- Given material:
━━━━━━━━

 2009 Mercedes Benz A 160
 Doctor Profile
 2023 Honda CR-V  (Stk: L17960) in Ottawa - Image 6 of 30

━━━━━━━━

Produce an identical printout of the material above.

- Completed task:
 2009 Mercedes Benz A 160
 Doctor Profile
 2023 Honda CR-V  (Stk: L17960) in Ottawa - Image 6 of 30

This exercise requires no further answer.